In the 1920 census, El Dorado had a population of 3,887 people. In January 1921, oil was discovered. By 1923, there were an estimated 40,000 people living in El Dorado. That had leveled off to a population of 16,421 by the 1940 census. In 1960, there were 25,292 El Dorado residents. The city has lost population in each census since then, falling to 18,884 by the 2010 census.

“We started a long decline in the 1960s,” said Mason, who has been involved for years in the oil and gas business. “Cities need a vision, and we didn’t have one.”

He talked of old families who made no improvements to the buildings they owned (does that sound familiar, Hot Springs?). Eventually, Mason purchased 17 buildings, renovating all of them along the way.

“To attract a quality tenant, you have to have a quality piece of property,” Mason said. “I think you should look seriously at Central Avenue and encourage business owners to begin buying these properties up. You want downtown to be your key destination. It should be special because there’s only one downtown in each city. We now have one of the best retail districts in the state. We’ve recently raised $45 million to make El Dorado what we’re calling the Festival City of the South.”

More than 1,000 trees have been planted along the downtown streets in El Dorado, and there are planters filled with seasonal flowers. Mason talked of women who come from much larger cities such as Shreveport to do their Christmas shopping in El Dorado due to the festive atmosphere.

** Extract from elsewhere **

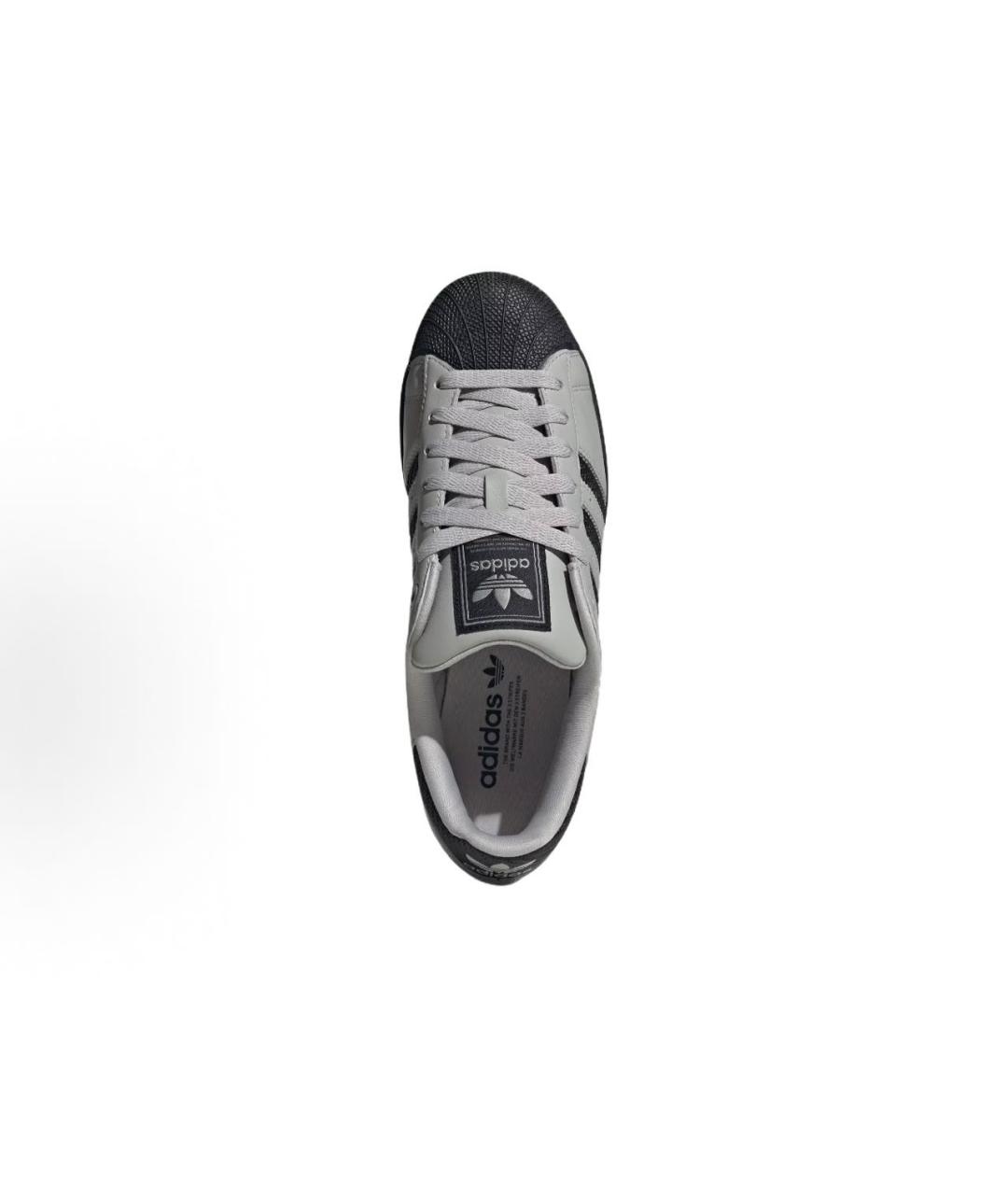 ADIDAS Серые кожаные низкие кроссовки / кеды, фото 2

He said he sees no reason why downtown Hot Springs couldn’t become a regional retail destination.

“Sooner or later, everybody in Arkansas is going to come to Hot Springs,” Mason said.

Here are words from Mason that everyone in Hot Springs must hear: “If the downtown is perceived to be dead and dying, the whole town is perceived as dead and dying. The downtown is more important than most people realize.”

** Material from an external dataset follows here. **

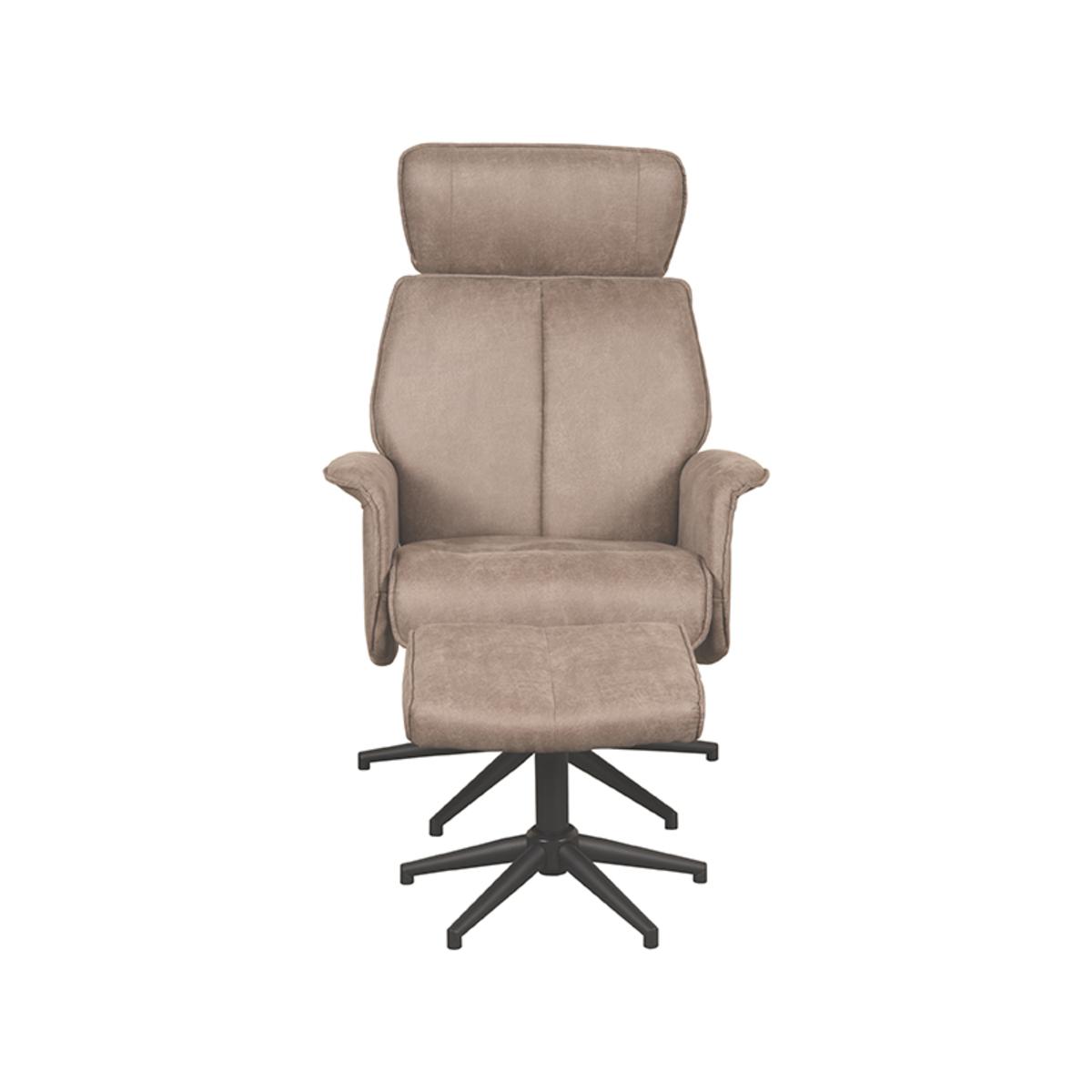  Fauteuil Verdal - Taupe - Micro Suede - Incl. Hocker afbeelding 4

Yes, for more than 40 years, Hot Springs has neglected its historic downtown in favor of development in other parts of the city. Now, a rare window of opportunity is open. Sometimes it just takes that first domino to fall and start other things happening in a neighborhood.

Perhaps that domino was the announcement Wednesday that Henderson State University will place an education center in the Landmark Building at the downtown intersection of Central Avenue, Market Street, Ouachita Avenue and Olive Street. The center will be ready in time for fall semester courses and bring new life to that part of downtown.

Bringing life back to a dying downtown.

Conway did it.

Bentonville did it.

El Dorado did it.

Hot Springs starts with so much more than those cities had at the start of their downtown revitalization efforts. Due to the historic nature of the buildings in downtown Hot Springs, I would contend that the owners of those properties have certain stewardship responsibilities that go beyond their bottom lines. They are called on to be something more than mere monthly rent collectors. If they cannot live up to those responsibilities, it’s time to give someone else a chance.

Who will be the Richard Mason of the Spa City?

It’s time to act. Hot Springs business, civic and political leaders: You’ve neglected the state’s most noted stretch of street for far too long.

People across the state are watching to see if you take advantage of this window of opportunity or squander it. History will not judge kindly those who were on the wrong side at this critical juncture in the history of Hot Springs.